Carl Schurz High School
Dwight H. Perkins, 1910
“This building owes little specifically to Sullivan. But it indicates the ability of the members of the Chicago School to find a new type of design for new problems. Especially in such a school is the superiority of their inventions over the archaeology of the stylistic revivalists clear.” 


Johnson included one New York building in the exhibition – George B. Post’s Pulitzer Building (also known as the World Building), completed in 1890. He was clear in his disdain for the design:
“Although at its completion the tallest building in the world (349 feet), this New York tower is progressive neither in structure nor design. It has masonry bearing walls on the exterior, 12 feet thick at the base, and only the interior is supported on wrought iron columns. Yet the Home Insurance and Tacoma Buildings had been completed several years earlier. 

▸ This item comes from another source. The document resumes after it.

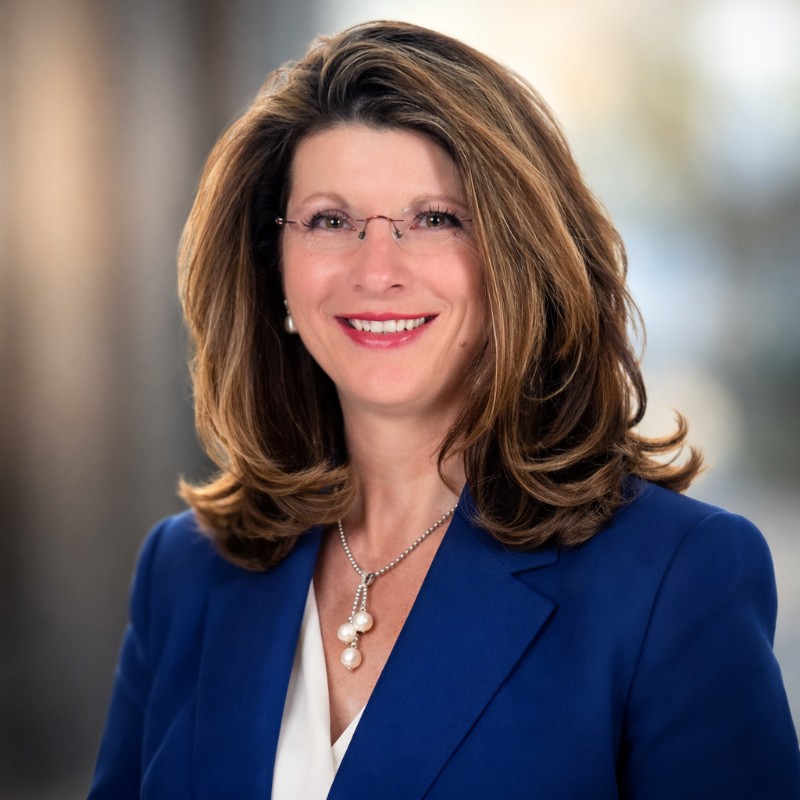 Lisa Caddell, licensed insurance agent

“The conventional scheme of academic Renaissance design (the dome of the Invalides has been placed on top of the Louvre) is characteristic of the Eastern architecture of this period and is inappropriate and devoid of scale.”

Chicago’s awareness of the exhibition

Despite Johnson’s praise of Chicago’s architecture, it appears that the exhibition, which ran for five weeks, received little attention in Chicago. The Chicago Tribune carried a brief article entitled “Chicago Architecture in Gotham” two weeks after the exhibit opened.

However, Chicagoans were given the opportunity to see the exhibit for themselves, when it traveled to Chicago that summer. In a move that would be considered unusual today, the exhibition was installed not in a museum, but in the interior decoration galleries at Marshall Field & Co. This was a smart move, and probably resulted in many more Chicagoans being exposed to it than if it had been installed in a traditional setting. Additionally, that was the first summer of the Century of Progress World’s Fair and, for many visitors to Chicago, a trip to Marshall Field’s was an absolute must.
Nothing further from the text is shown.